Table 1. Examples of Siri’s new voice in iOS 11

iOS 9 iOS 10 iOS 11 Phrase
“Bruce Frederick Joseph Springsteen born…”
“Okay, I set up your meeting…”
“One liter is…..”
“Continue on Skyview drive…”
“Take a left on Rocky Ridge Road…”
“Always close the barn door tight.”

References

[1] A. J. Hunt, A. W. Black. Unit selection in a concatenative speech synthesis system using a large speech database, ICASSP, 1996.

[2] H. Zen, K. Tokuda, A. W. Black. Statistical parametric speech synthesis Speech Communication, Vol. 51, no. 11, pp. 1039-1064, 2009.

[3] S. King, Measuring a decade of progress in Text-to-Speech, Loquens, vol. 1, no. 1, 2006.

[4] A. van den Oord, S. Dieleman, H. Zen, K. Simonyan, O. Vinyals, A. Graves, N. Kalchbrenner, A. W. Senior, K. Kavukcuoglu. Wavenet: A generative model for raw audio, arXiv preprint arXiv:1609.03499, 2016.

[5] Y. Qian, F. K. Soong, Z. J. Yan. A Unified Trajectory Tiling Approach to High Quality Speech Rendering, IEEE Transactions on Audio, Speech, and Language Processingv, Vol. 21, no. 2, pp. 280-290, Feb. 2013.

[6] X. Gonzalvo, S. Tazari, C. Chan, M. Becker, A. Gutkin, H. Silen, Recent Advances in Google Real-time HMM-driven Unit Selection Synthesizer, Interspeech, 2016.

[7] C. Bishop. Mixture density networks, Tech. Rep. NCRG/94/004, Neural Computing Research Group. Aston University, 1994.
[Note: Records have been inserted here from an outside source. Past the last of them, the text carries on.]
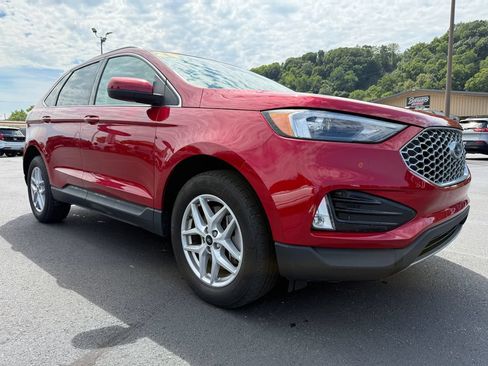 Used 2024 Ford Edge SEL w/ Convenience Package AWD/4WD image 3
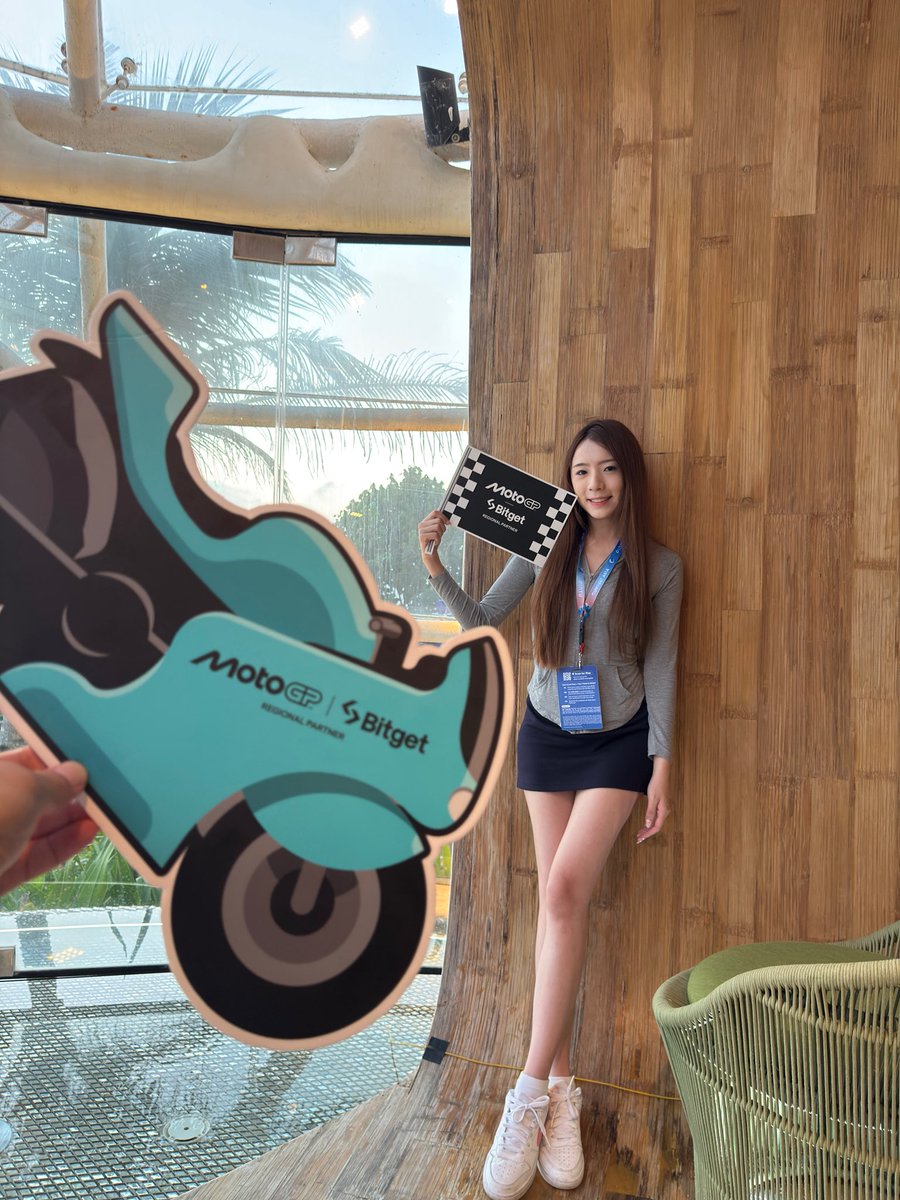 Angel_bitget's tweet image. #Crypto, racing, and Bali vibes 🌴 Ended an amazing Bali trip with our VIPs 🙌
Now preparing to bring SEA VIPs to #Token2049 see you there! 🌏 #Bitget
Coinfest2025 #Bitgetsea #bitget #VIP  #motogp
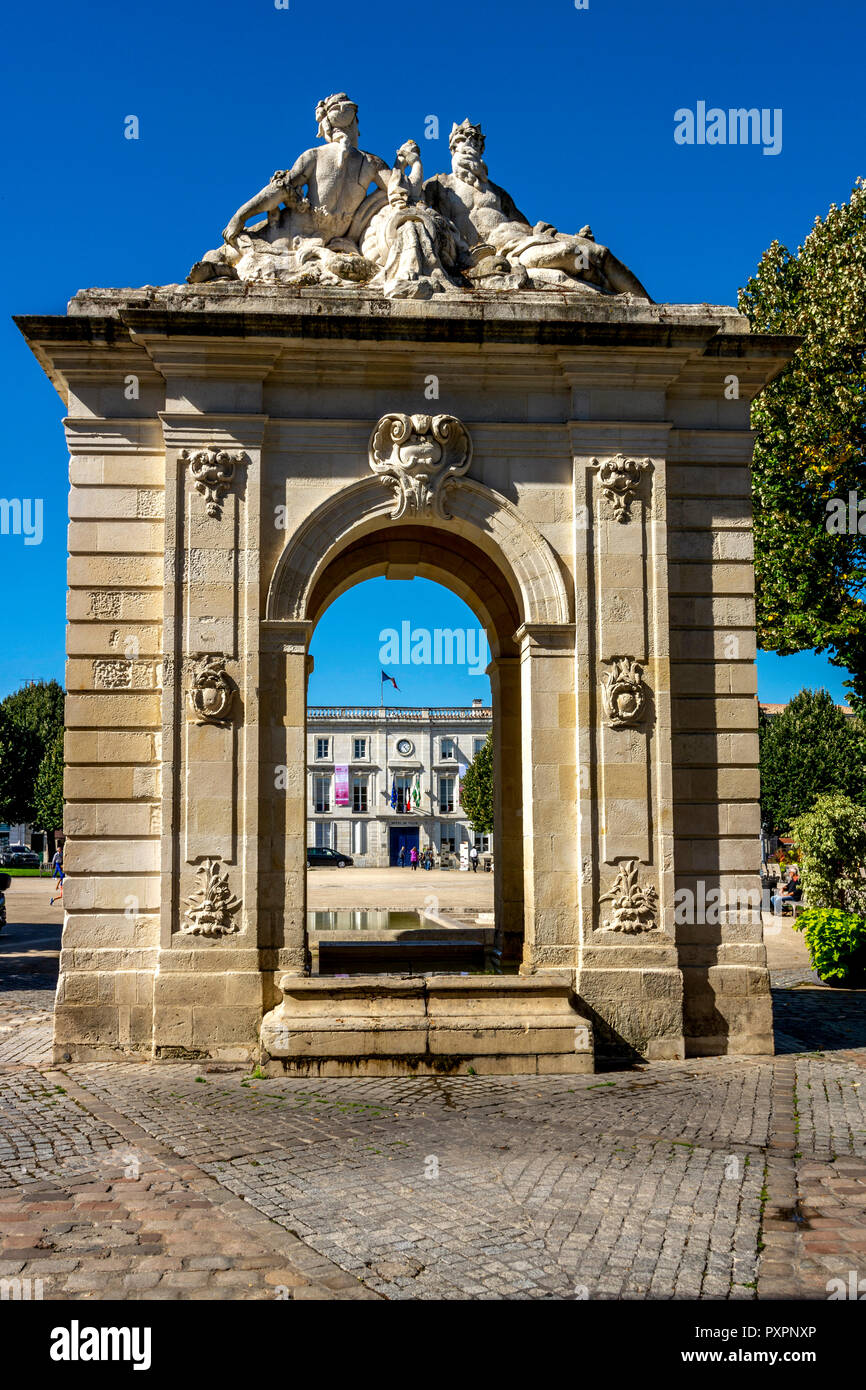 Brunnen Auf Dem Place Colbert Rochefort Charente Maritime Nouvelle Aquitaine Frankreich Stockfotografie Alamy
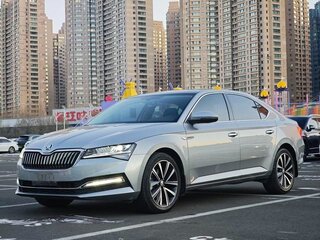2022 Skoda Superb III Рестайлинг, серый, 2590000 рублей, вид 2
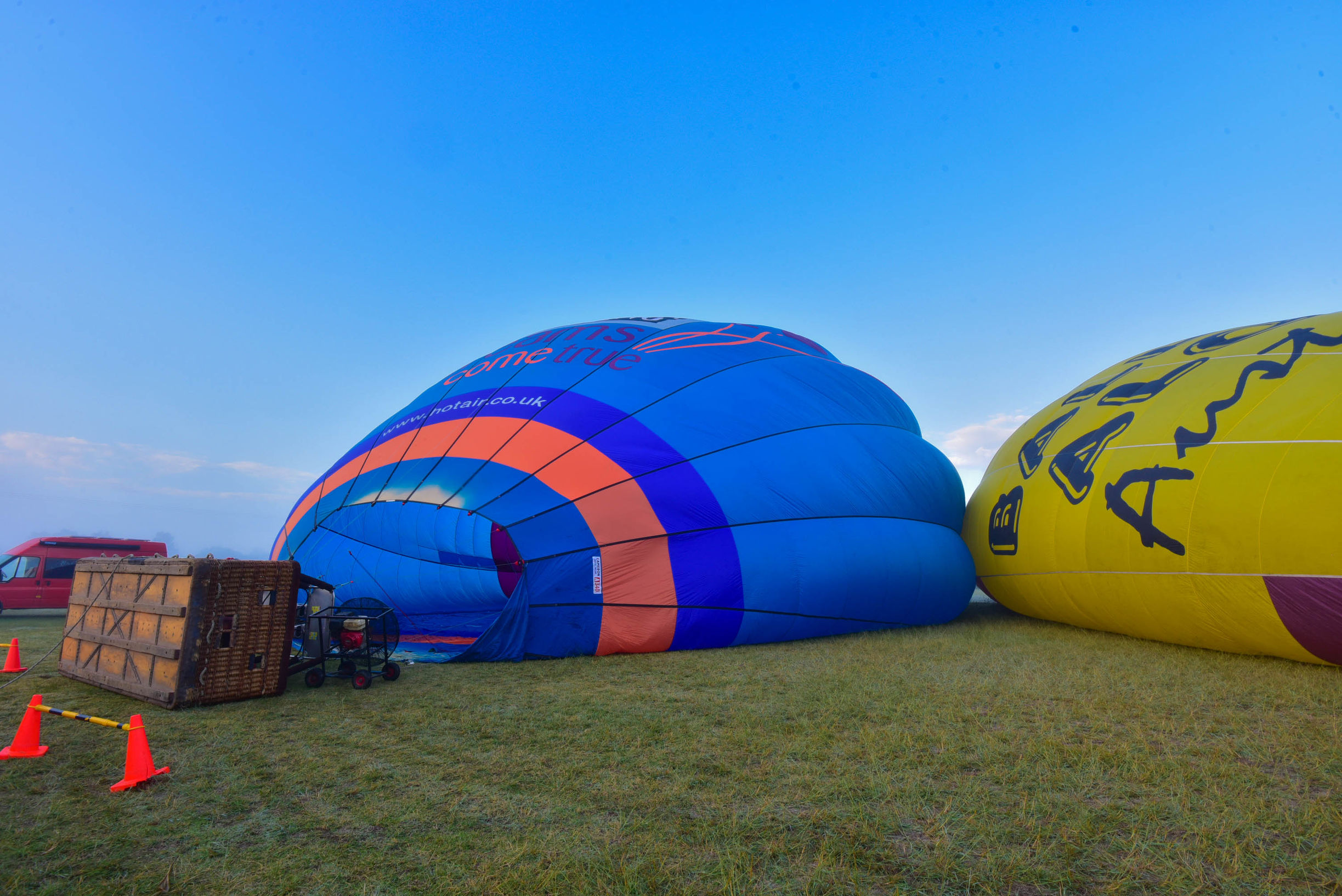 在猎人谷邂逅美酒和热气球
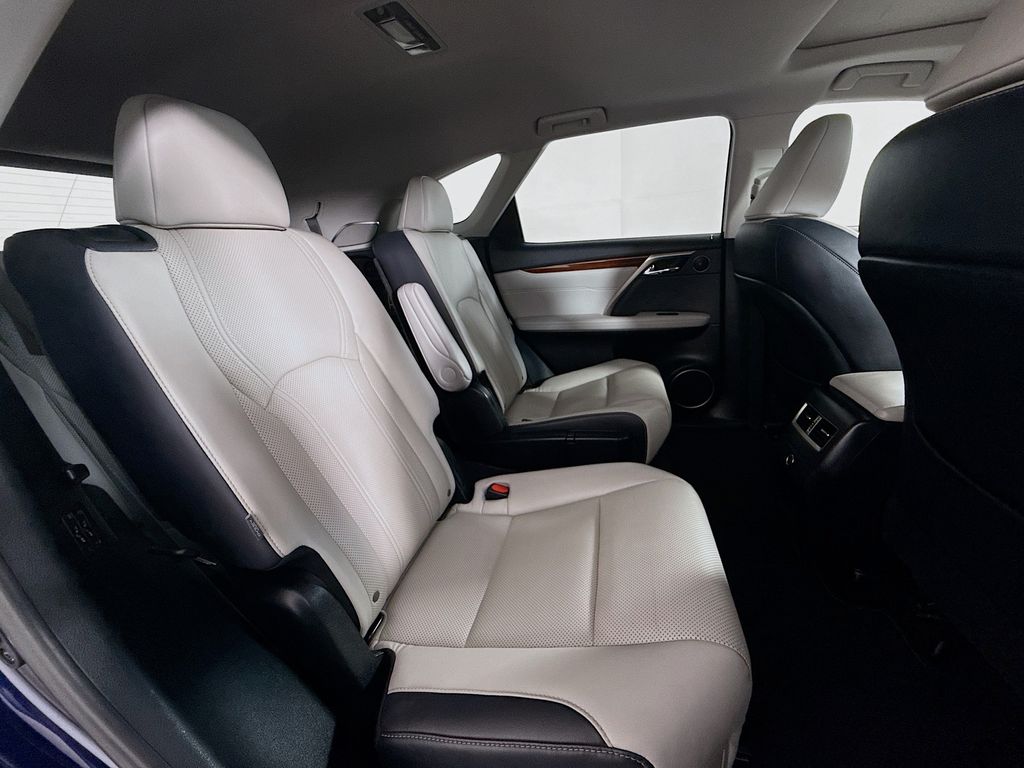2019 Lexus RX  27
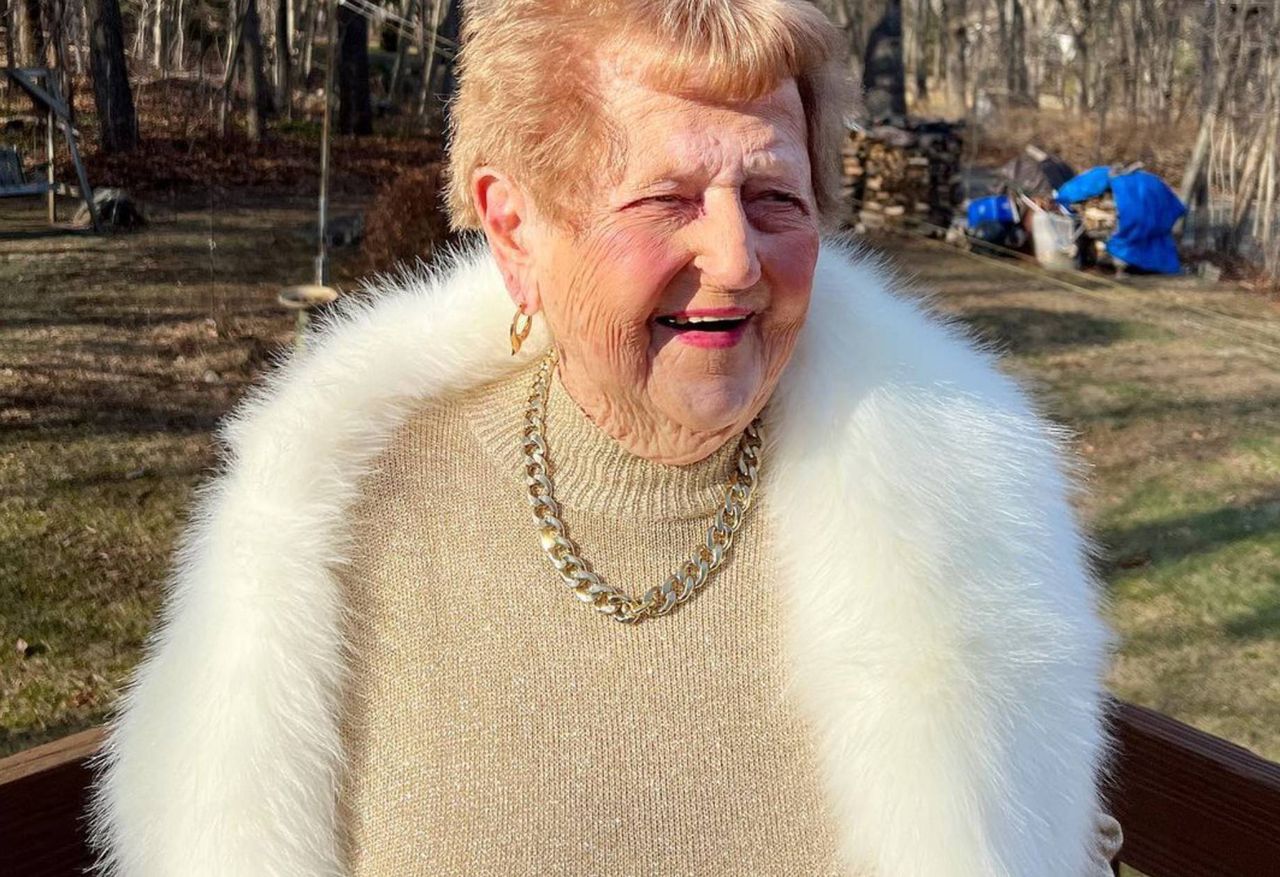 93-letnia seniorka poszła na swoją pierwszą od 25 lat randkę. Wszystko pokazała na TikToku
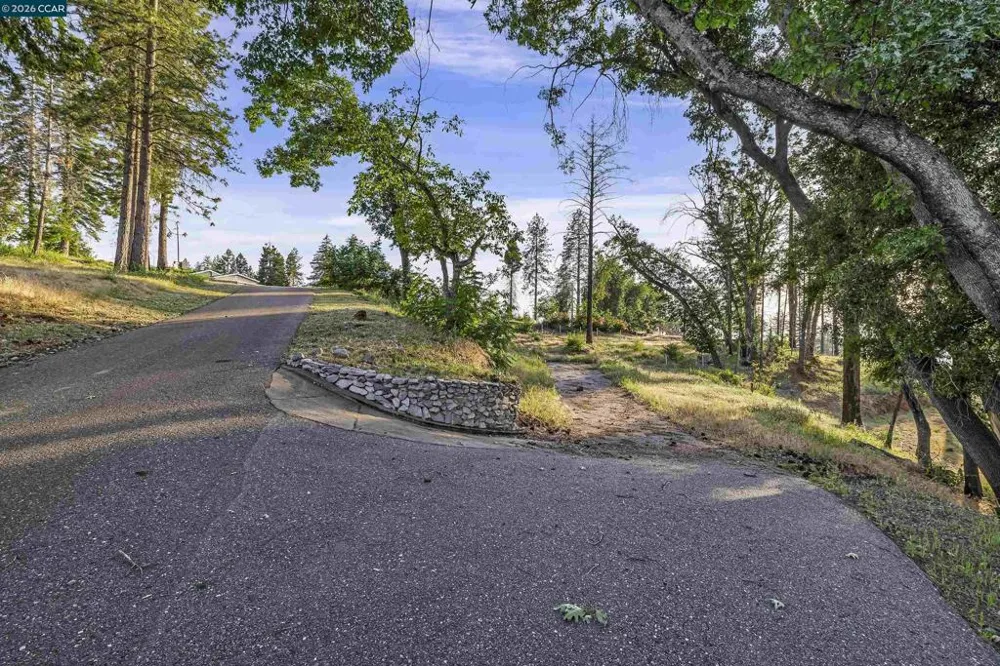 6479 Gregory Ln Paradise, CA 95969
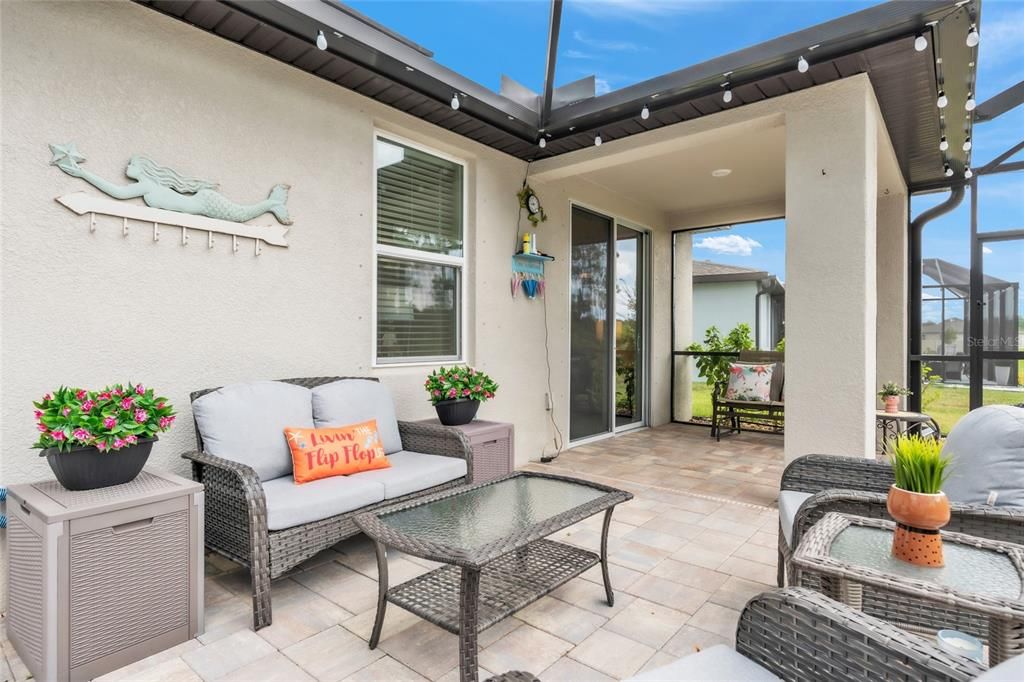 For Sale: $495,000 (3 beds, 2 baths, 1704 Square Feet)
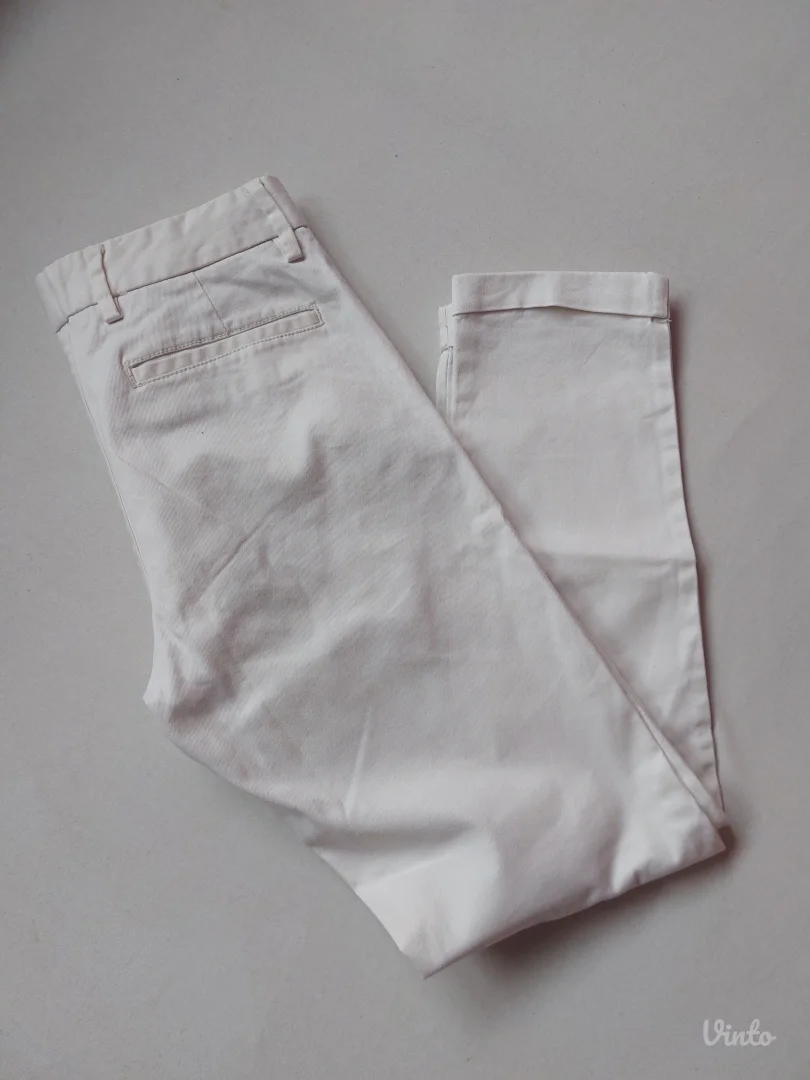Zara bele pantalone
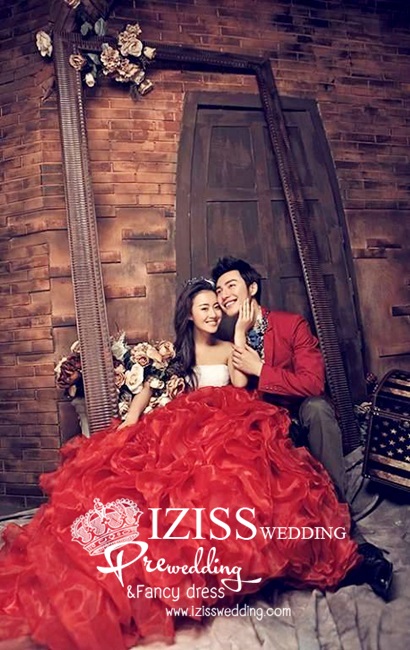 PW143 - Pre order ชุดคู่ถ่ายพรีเวดดิ้ง (prewedding dress) & ชุดแต่งงานแฟนซี (Fancy wedding dress)ชายหญิง "ธีมสีแดง-ขาว"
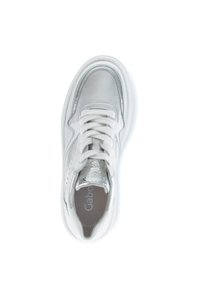 Silberne Leder-Sneaker mit weißen Schnürsenkeln und einem strukturierten silbernen Akzent. Abgerundete Spitze und gepolsterte Sohle. Markenlogo innen sichtbar.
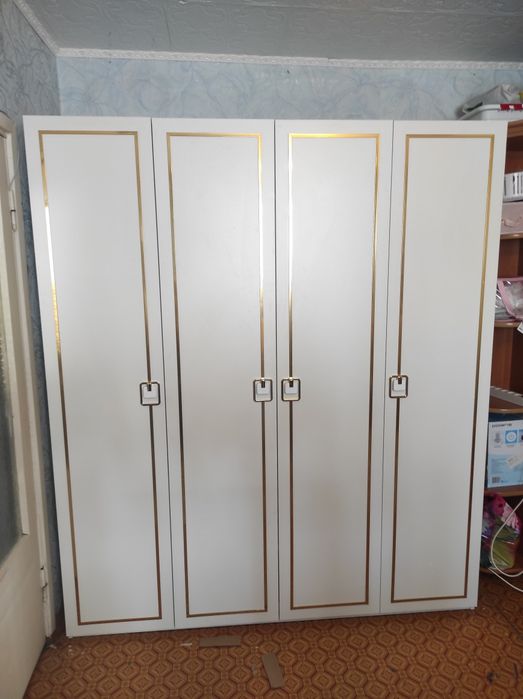 Мебельщик ,Плотник , сборщик мебели . Ремонт мебели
[8] H. Zen, A. Senior. Deep mixture density networks for acoustic modeling in statistical parametric speech synthesis, ICASSP, 2014.

[9] T. Capes, P. Coles, A. Conkie, L. Golipour, A. Hadjitarkhani, Q. Hu, N. Huddleston, M. Hunt, J. Li, M. Neeracher, K. Prahallad, T. Raitio, R. Rasipuram, G. Townsend, B. Williamson, D. Winarsky, Z. Wu, H. Zhang. Siri On-Device Deep Learning-Guided Unit Selection Text-to-Speech System, Interspeech, 2017.